In his tenure Jansons saw the completion of the roundabout on the north side of Farmersville Boulevard nearest the Highway 198 overpass, the location of a brand new Rite-Aid, the connection of nearby Cameron Creek, setting up the new waste water treatment plant to be shovel ready and the beginning phases of the Visalia Road project on the east side of town. In addition he walked the City through the Proposition 218 process just last week to bring the water fund back to projected solvency while bringing the City’s water meters into the 21st century.

According to mayor Paul Boyer, Jansons poured his heart and soul into the City for the short while that was there.

“There was a learning curve at the beginning and after he was settled in we got someone who was committed to the City…There were no shortage of text messages or phone calls late at night or early in the morning,” Boyer said.

In 2015 then mayor Greg Gomez was a part of the committee to hire Jansons from Hemet, Calif. Gomez said that what set Jansons apart was his aptitude for economic development.

“He helped us look at how we promote the City in a different way. It helped us show that there is a Farmersville, California and we welcome economic development,” Gomez said. He went on to add that losing Jansons was also losing a friend. Gomez said that camaraderie emerged because for Jansons it was his first job as a city manager and for Gomez it was his first term as a mayor.

On Tuesday after press time the Farmersville city council convened, without Greg Gomez who is out of town, to discuss who should be the interim city manager. Both Gomez and Boyer said that their hope is to find an interim for six months and then decide on a more long term course of action after the election over Measure P and Measure Q.

If passed, Measure P would add a half cent sales tax bringing the City’s sales tax rate to 8.75%; Measure Q would allow for whole sale commercial cannabis manufactures to open shop in the city limits. If the sales tax fails or passes the City will have a clear idea of what they can afford to pay a new city manager.

“It’s hard to say what we can afford. That’s one of the problems of having a small tax base.
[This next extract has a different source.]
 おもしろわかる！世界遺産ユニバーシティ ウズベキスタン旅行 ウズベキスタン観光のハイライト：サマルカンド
You know, what we can afford doesn’t always mean we can retain good staff and I think that John’s leaving is a good example of that,” Boyer said.
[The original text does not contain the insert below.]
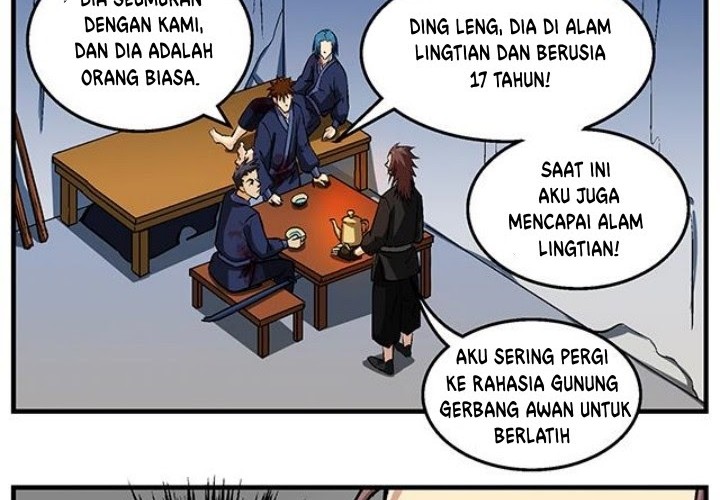 A Legend of The Wind Chapter 48 - halaman 13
Gomez said that the City has leaned on current police chief Mario Krstic when they could not afford a city manager for three years after Renee Miller left in 2012. He also said that current finance director Steve Huntley has been asked by John Jansons to stand in as city manager when he was on vacation. Gomez noted that both would be good options if the City was going to look to fill the position from within.

The councilmember also noted that whoever takes over will have to be comfortable wearing many different hats. Gomez said that Jansons had a lot of work to do with only four administrative staffers and the elimination of the city clerk position, which were additional responsibilities he had to assume.

“I sincerely appreciate the opportunity to have served the Farmersville City Council and community and enjoyed working in Farmersville with such a great City staff”, said Jansons in a press release on Friday, Sept. 29.